Friday, October 25, 2013

Single Point of Failure

We live on the Gulf Coast, an area noted for its vulnerability to hurricanes.  Our family has evacuated several times in advance of storms and on other occasions, we've stayed put and weathered fierce storms.  We've incurred moderate damage in some storms and had virtually no damage on others.  I work for a Company that has personnel and assets in close proximity to the Gulf of Mexico and over the years, we've gotten evacuations down to a science and have become very good at it.

2013 has been a quiet hurricane season for us, but in early October we had Tropical Storm Karen bearing down on the Southeastern part of our State and our Company evacuated people and assets out of harm's way. After such an undertaking, we always meet when the strong winds subside in order to determine what went right and what we need to improve upon.  Reviews like this have helped us become better each and every time we do it.

This year, although our process was excellent, a Manager talked to us about Single Point of Failure (SPOF). In other words, if we have one part of our system go down, it would doom the entire endeavor.  The point is that you critically think through your process and build in redundancy where it makes sense.  In short, have a back-up plan.
Photo Credit
I began to think about this.  While this principle is important when you have hundreds of people and millions of dollars of inventory in harm's way, it can also be important from a personal standpoint on a homestead.

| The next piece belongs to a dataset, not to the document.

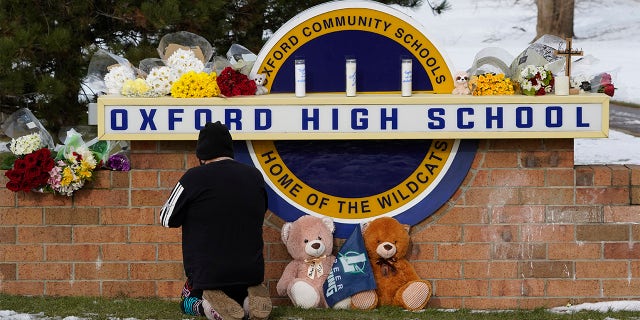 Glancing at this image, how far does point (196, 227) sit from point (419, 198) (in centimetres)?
162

Lots of times we're trying to learn how to do things the old fashioned way.  It is interesting to learn new skills. We also take very seriously trying to separate ourselves from the current fast-food, industrialized, worldly culture as much as we can.  Oh, we still enjoy many modern conveniences, but we like the "old ways" of doing things.  There's something to be said for the simplicity and honesty of the 'good old days.'  We grow most of our own food and try to reduce our reliance on the store as much as possible.

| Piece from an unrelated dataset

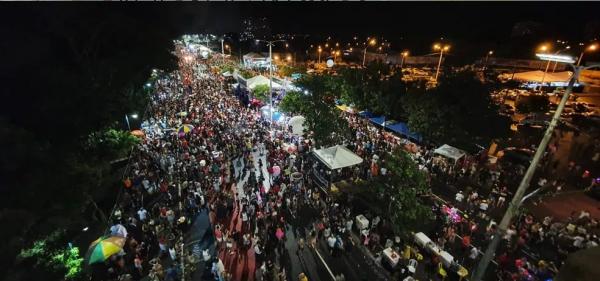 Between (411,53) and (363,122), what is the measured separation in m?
41.3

If the power goes down, we have candles, oil lamps, flashlights with batteries, etc. for light, we have crops and eggs and milk from our own land, we can food and dry food, have an inventory of food stored, and we have learned skills that will help us to do things the old way if the lack of power prevents the 'new' way from working.  But sometimes, many times in fact, the old way is just hard.  I came into the house the other day and saw Tricia grinding grain with our hand-operated grain grinder. I posted about this and if you missed it, you can read about it here: The Daily Grind  Grinding grain to make flour (the old-fashioned way) is a labor intensive deal.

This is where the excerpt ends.